Player Versus Dino Versus Player in Exoprimal

Exoprimal Preview

If there’s one thing that everyone loves, it has to be…dinosaurs. I mean, come on. They were big freaking monsters and they were actually real. It’s a good thing they went extinct a very long time ago, because there are a lot of videogames that pit humans against dinos, with the goal of wiping them out. Exoprimal is one of those games.

Suit Up

During July and August, I had the chance to play a bit of Exoprimal’s network test. While it didn’t include anything like the full game, it was enough to give me a sense of what it’s all about. A test drive, if you will, minus a lot of the features that will come with release.

Exoprimal is a blend of squad-based PvP and PvE combat. You start a match with a team of five soldiers. Classes come via the specific exosuit you and your squadmates are wearing. Some of the suits turn you into a damage-dealing melee or ranged character, while others give you the ability to heal or use energy shields. Thanks to the ability to switch suits on the fly, combat has a flow where teammates are responding to the demands of the moment. Of course, you don’t have to change. You can stick with one suit, and teamwork be damned!

At least for the initial part of the run, your foes are dinosaurs. They drop from the sky out of a singularity, because…videogame. They’re fast and mobile, a bit like zombie hordes, only they’re raptors, triceratops, and tyrannosaurs, with the big dinos taking the place of mini-bosses. Some of them can snipe you with lasers. Because apparently, that was a thing back in the Jurassic period.

Another team is running the same gauntlet as you, and they show up as ghostly images so you see where you stand. It’s one of the cooler ideas in Exoprimal, and it really helps push you forward.

Endgame

The end of each match switches gears and throws you into one of two PvP scenarios. In Data Key Security, you escort a slowly moving piece of gear towards the finish line while fighting off dinosaurs and other players. In Energy Drain, you and the enemy team run around the map, tagging objectives and earning points. There isn’t much in the way of tactics or strategy in either of these scenarios. While the dino-killing sections relied on wearing the optimal exosuit, the final sections seemed far less deliberate. I’m guessing there was a narrative thread that weaved the two mission parts together, but I missed it.
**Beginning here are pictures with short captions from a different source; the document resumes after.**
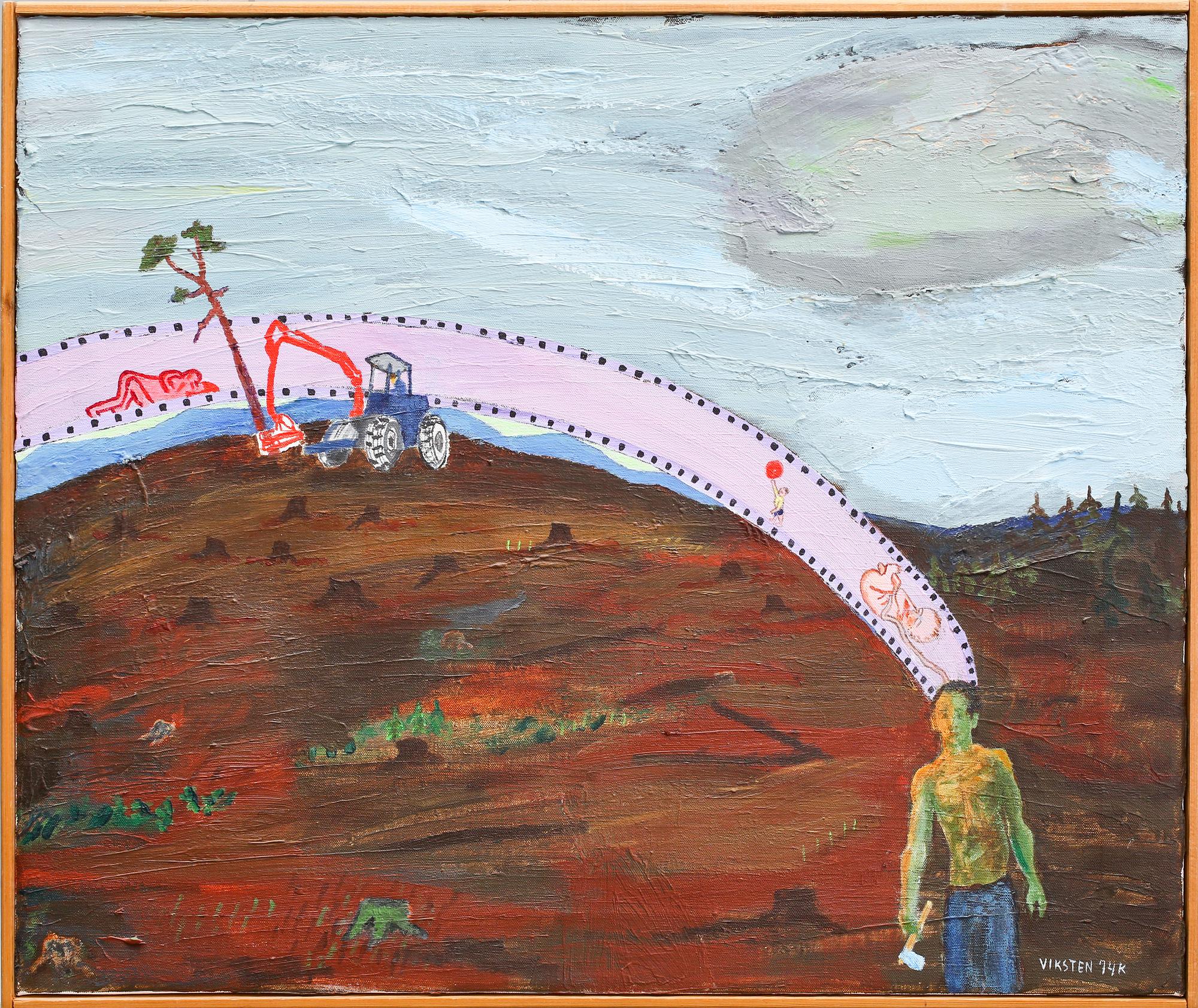 HANS VIKSTEN, akryl på duk, signerad och daterad -74.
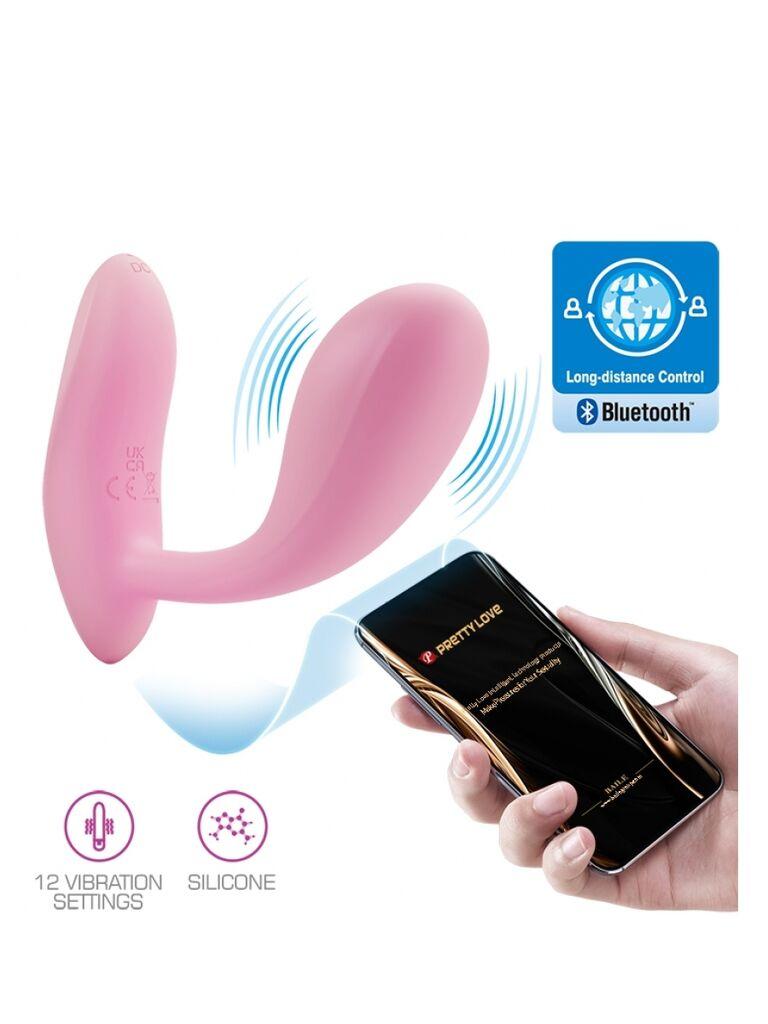 Vibro jaje Pretty Love Baird, 10.8cm, Roze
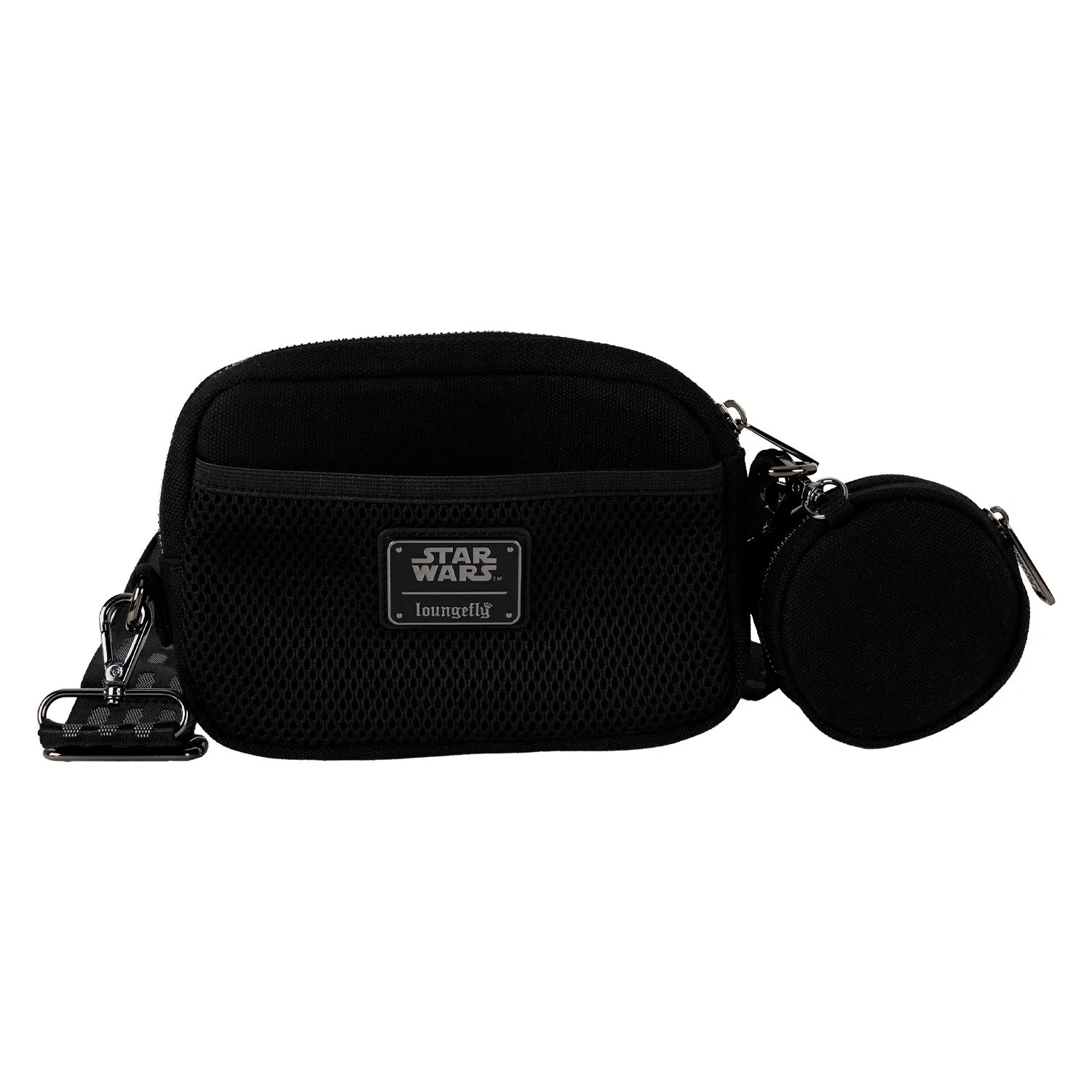 Star Wars Darth Vader Loungefly Canvas Sling Crossbody Bag with Coin Bag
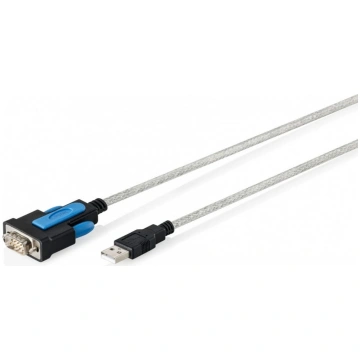 Kabeļa usb 2.0 uz rs232 adaptera kabelis (db9) | f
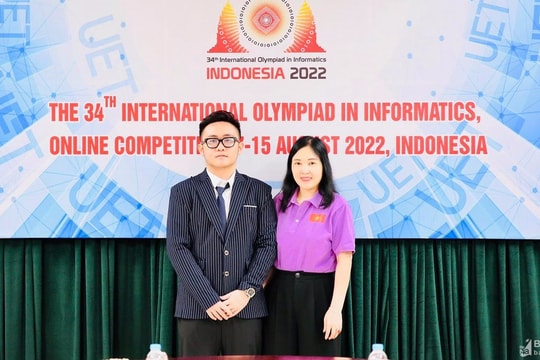 Học sinh Nghệ An lần thứ 2 giành Huy chương Bạc tại Kỳ thi Olympic Tin học Quốc tế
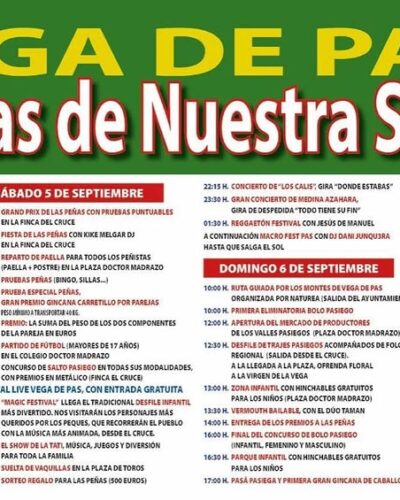 Fiestas de Nuestra Señora 2026 en Vega de Pas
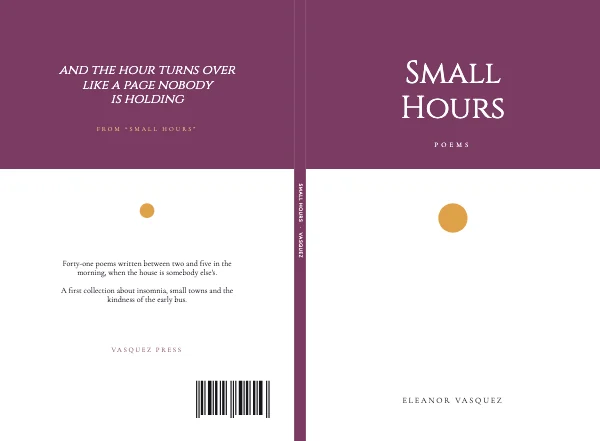Plum and Amber Poetry 6 × 9 Book Cover Wrap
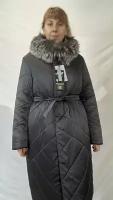 Зимнее серое пальто 56-го размера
Only a few of the ten exosuits were available, and even fewer maps. The setting a is near-future time, with cities turned to post-dino-apocalypse rubble. The environments weren’t terribly memorable, but seeing the dinosaurs — more-or-less to scale — was fun. Still, after playing several rounds over a couple of playtests, the flow of combat became pretty repetitive. As it probably would in real life, fighting a brontosaurus for the twentieth time starts to lack novelty.

Beyond the cool factor of gunning down thunder lizards, Exoprimal’s well of original ideas seemed a little on the shallow side. Parts of Exoprimal were a lot of fun, and I’m hoping that a full range of maps and even more of our favorite dinosaurs make it into the final game. I’m actually looking forward to seeing how it all comes out.